━━━ DATASET RECORDS

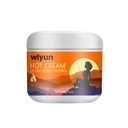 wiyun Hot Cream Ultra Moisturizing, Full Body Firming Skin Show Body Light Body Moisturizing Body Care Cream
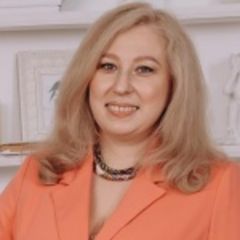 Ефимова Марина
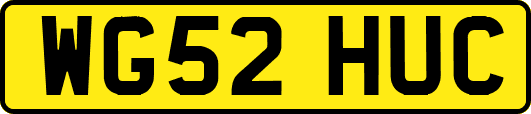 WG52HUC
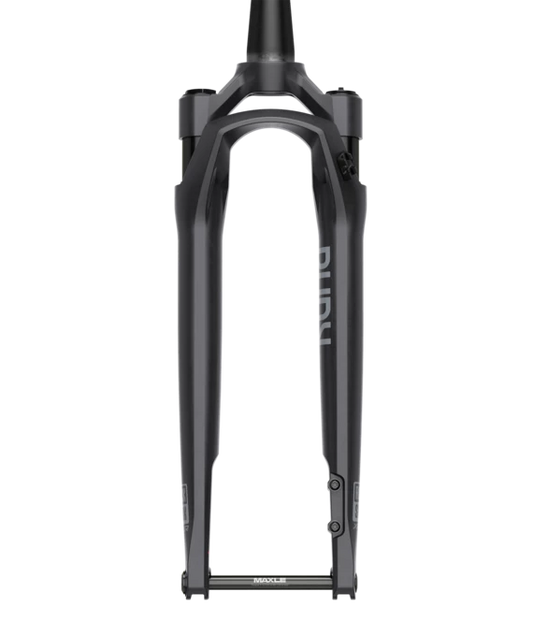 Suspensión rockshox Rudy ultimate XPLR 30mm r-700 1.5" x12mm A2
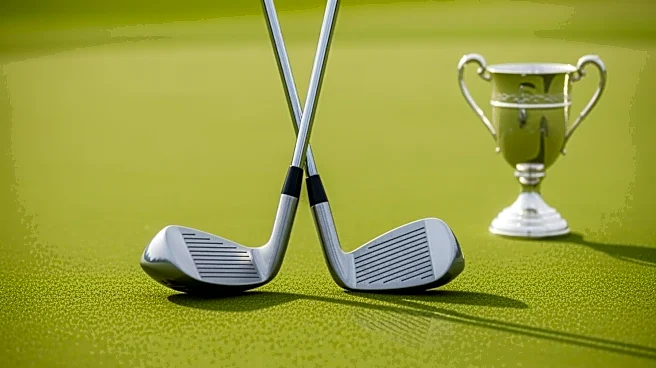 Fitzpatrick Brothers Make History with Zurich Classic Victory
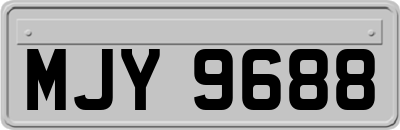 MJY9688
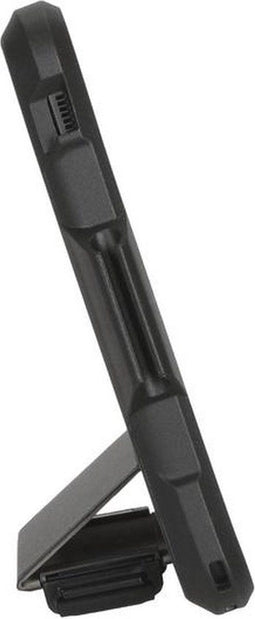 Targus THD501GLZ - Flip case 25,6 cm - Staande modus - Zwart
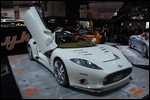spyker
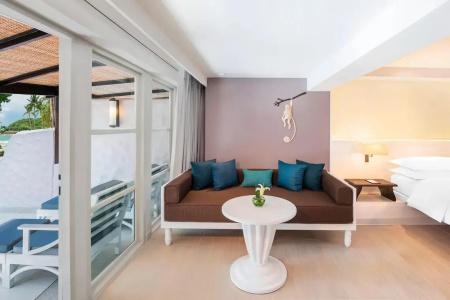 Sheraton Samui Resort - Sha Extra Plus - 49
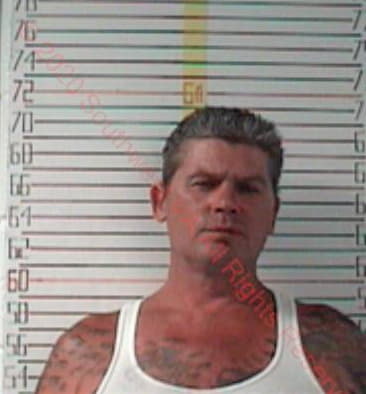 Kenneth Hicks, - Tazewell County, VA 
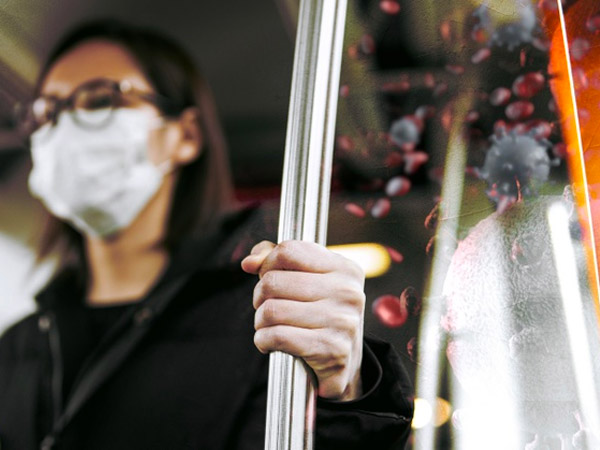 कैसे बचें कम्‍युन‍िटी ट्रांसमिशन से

━━━━━━
━━━ DATASET RECORDS

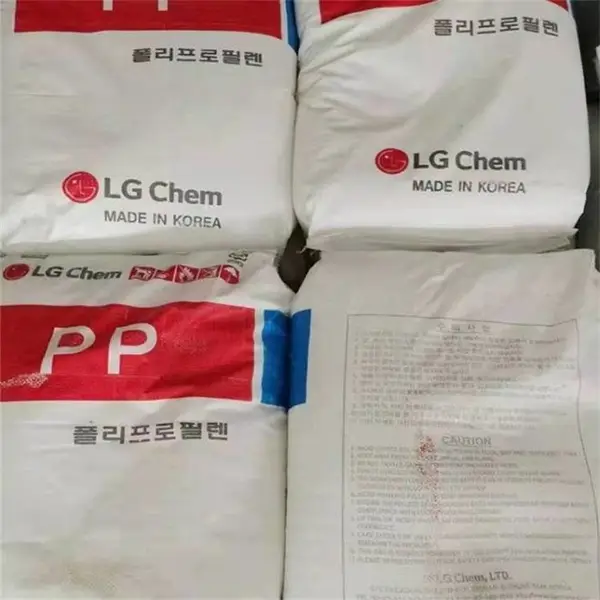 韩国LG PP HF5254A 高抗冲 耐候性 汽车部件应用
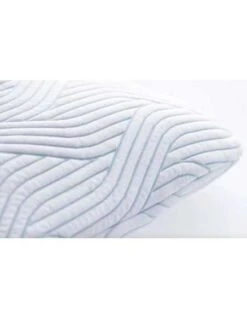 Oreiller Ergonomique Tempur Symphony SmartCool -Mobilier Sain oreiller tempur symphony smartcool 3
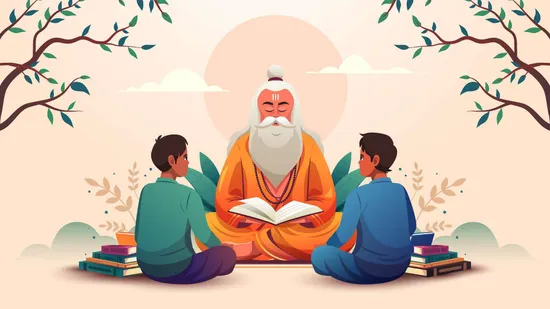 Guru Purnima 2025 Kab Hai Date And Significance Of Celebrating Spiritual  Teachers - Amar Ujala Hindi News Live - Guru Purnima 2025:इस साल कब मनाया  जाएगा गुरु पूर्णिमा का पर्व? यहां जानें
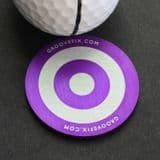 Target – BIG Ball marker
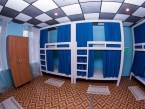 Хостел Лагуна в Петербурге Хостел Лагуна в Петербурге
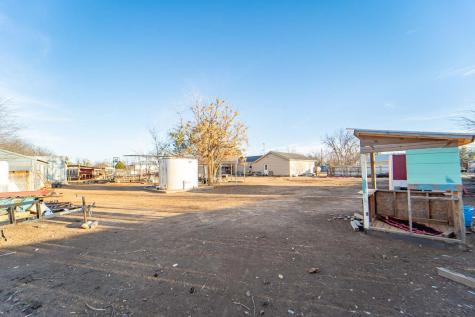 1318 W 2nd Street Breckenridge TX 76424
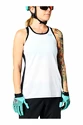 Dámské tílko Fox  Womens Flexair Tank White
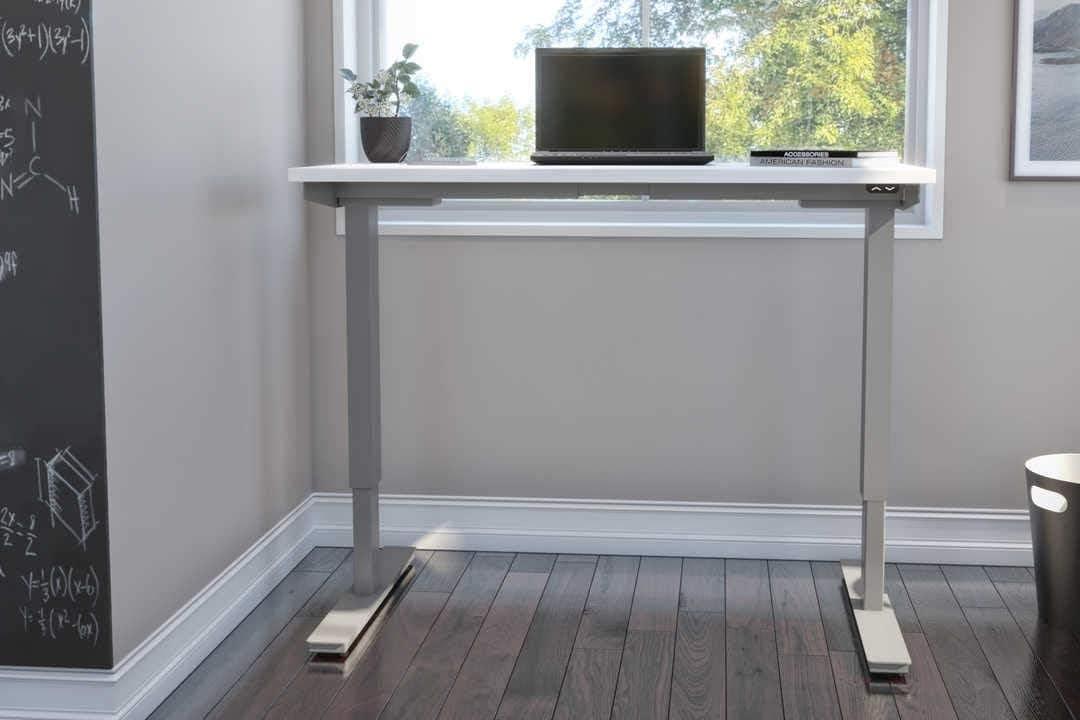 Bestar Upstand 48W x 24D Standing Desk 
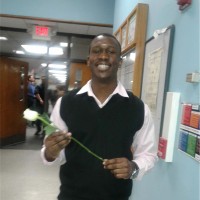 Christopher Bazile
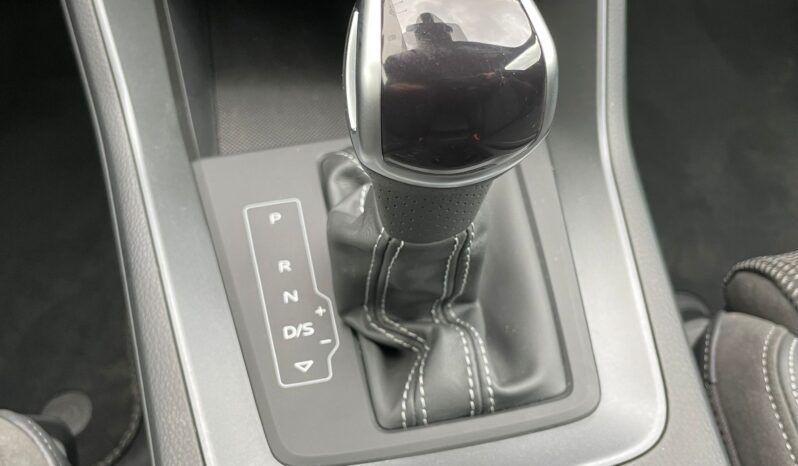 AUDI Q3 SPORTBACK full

━━━━━━

YOUR ASSIGNMENT = The lines to copy exactly start with the line above that has "Ефимова Марина" and go on through the line that has "कैसे बचें कम्‍युन‍िटी ट्रांसमिशन से"; please include both, add nothing else, and omit the pictures.

OUTPUT BELOW =
 Ефимова Марина
 WG52HUC
 Suspensión rockshox Rudy ultimate XPLR 30mm r-700 1.5" x12mm A2
 Fitzpatrick Brothers Make History with Zurich Classic Victory
 MJY9688
 Targus THD501GLZ - Flip case 25,6 cm - Staande modus - Zwart
spyker
 Sheraton Samui Resort - Sha Extra Plus - 49
 Kenneth Hicks, - Tazewell County, VA 
 कैसे बचें कम्‍युन‍िटी ट्रांसमिशन से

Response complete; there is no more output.